What made CIBL interesting was that management had indicated that they believed their wireless assets were worth more than the trading value of the shares and they intended to sell them if possible. When I first posted I received a number of comments from burned out shareholders telling me that management had been trotting out that line for a while and they doubted a sale would happen. I'm happy to say they were wrong and a sale is finally pending.
On March 23 news hit the wire that CIBL had reached an agreement to sell their wireless partnerships. The long awaited asset monetization had finally come to pass. Now all shareholders had to do was wait for the proxy which outlined the deal. The proxy was posted either late last night or early this morning and can be found here.
In my post on CIBL I had estimated that a range for the wireless assets was anywhere from $25m to $68m, a very large range. Based on the limited details I had on the wireless it was really hard to nail something down more accurate then that. The good news was at the time there was a large margin of safety, the company was selling for $15m which included both the wireless and the TV stations. There was a lot of discussion on the original post on what a proper buyout multiple might be. As it turns out Verizon ended up paying 7.5x the partnership EBIT and 12x the partnership cash distributions. Here is the table included in the proxy showing the partnership EBIT and distributions:
According to the proxy CIBL sold their partnership interests to Verizon Wireless for $31m which is in the lower end of my range, but still double the market cap at the time of the post. CIBL estimates that the after tax proceeds from the sale will be $18,775,000 which comes out to $750 per share.
Of note as well is the process, CIBL was first approached by Verizon in 2008 and was made an offer that CIBL considered too low. The companies went back and forth for the next four years and finally this winter agreed on the $31m price. The proxy states that this offer is 75% higher than the original Verizon offer. Verizon was and is the only interested buyer, so if CIBL shareholders vote this down it's unlikely someone else will come in with a higher offer.
I think the estimate of value for the TV stations is probably unchanged at around $200 a share. The company also has about $75 per share in cash at the end of 2011. The company stated multiple potential uses for the cash in the proxy, here's what they said:
The company doesn't indicate if they have had any interest in selling the TV stations. So if CIBL paid out the entire $750 as a dividend shareholders would be left with $75 in cash and two TV stations that might be worth $200 or so.
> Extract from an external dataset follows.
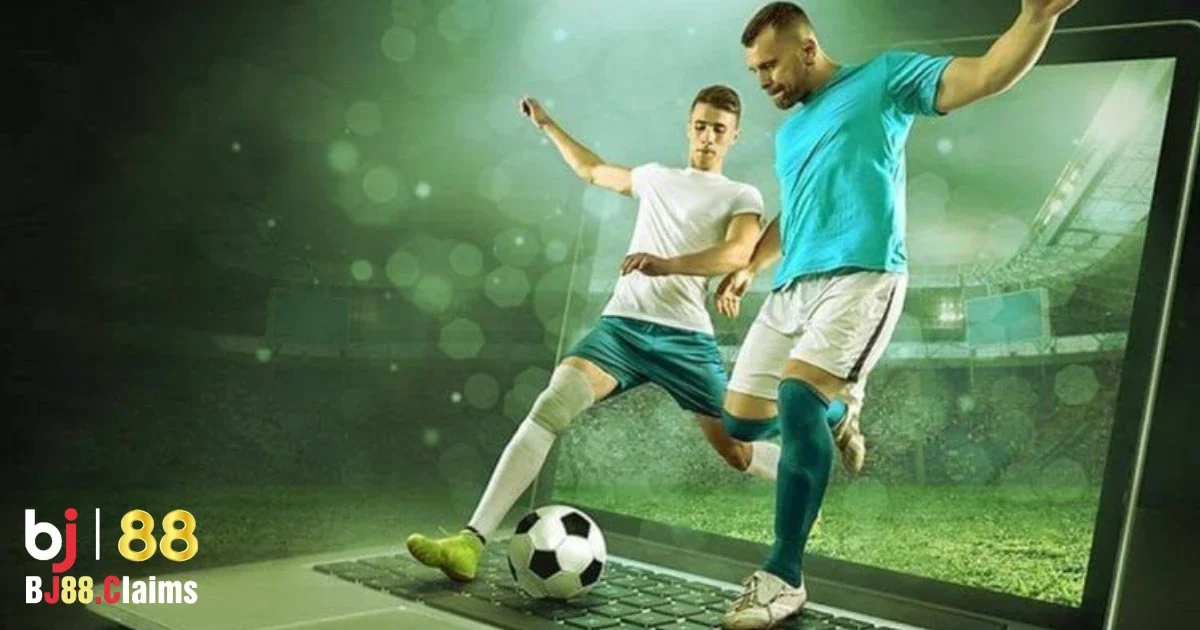 Hướng Dẫn Chơi Cược Chấp 3 Chiều: C&aacute;c bước chi tiết để tham gia cược chấp 3 chiều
When I thought about this I came to the conclusion that I'd rather have $950 today if possible rather than wait for a the stations to be sold off and proceeds distributed. So I sold out of my shares this morning at $950. The end result was a 50% gain in three months which I'm happy about, but it wasn't the double or triple I was hoping for.
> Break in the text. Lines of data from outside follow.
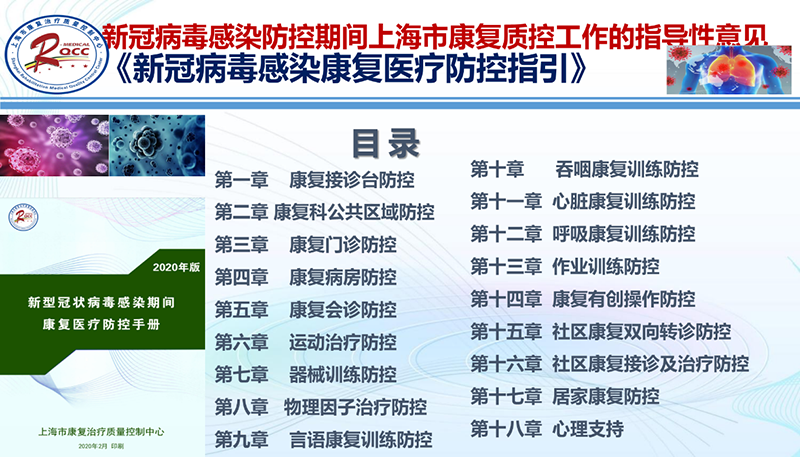 5f8ad81784612.png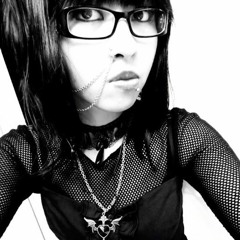 Vampire Knight Ending 1 Cover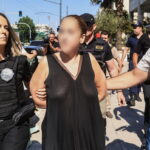 Η 43χρονη πρώην σύζυγος του Πολωνού καθηγητή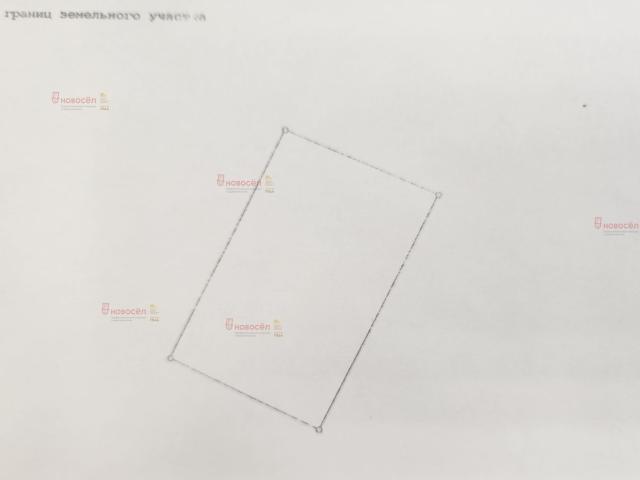 Квартира продажа в Свердловская область
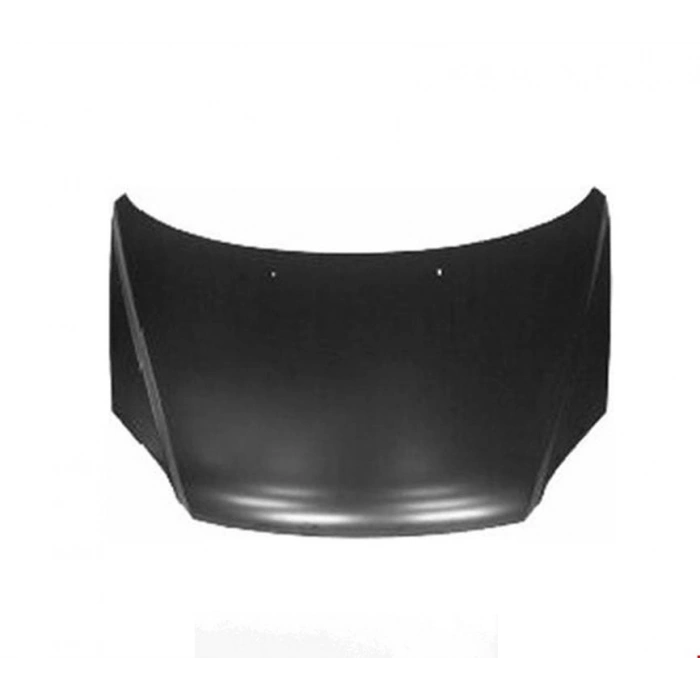 MOTOR KAPUTU SPORTAGE 2005-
I felt like there were a few take aways from my short investment (2.5 months!) in CIBL.
- A precise intrinsic value calculation isn't necessary if you can buy with a big enough margin of safety. My range of $25-68m was large, but I purchased CIBL at $15m. The sale took place in my range guaranteeing me a gain.
- Even illiquid unlisted stocks become fully valued eventually. A shareholder who purchased based on managements original comments has between a 4.5x and 6x gain on their purchase.
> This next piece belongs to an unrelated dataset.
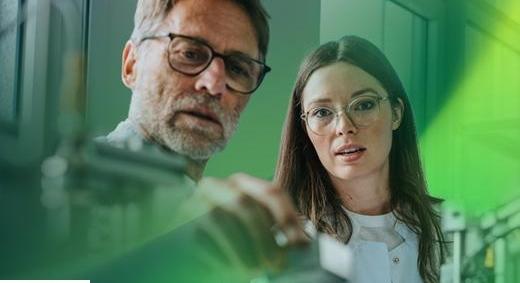 Az e-metanol kilépett a laborból: üzletre kész a világ első zöldüzemanyag-gyára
- I was overly optimistic on my original assessment because I didn't understand some of the nuances of the partnerships. I read the filings but didn't totally understand exactly how the partnership breakdowns worked. This meant in my original assessment I attributed much more of a potential sale to CIBL then what would eventually go to them. This could have been a much bigger error, but again having a wide margin of safety saved me.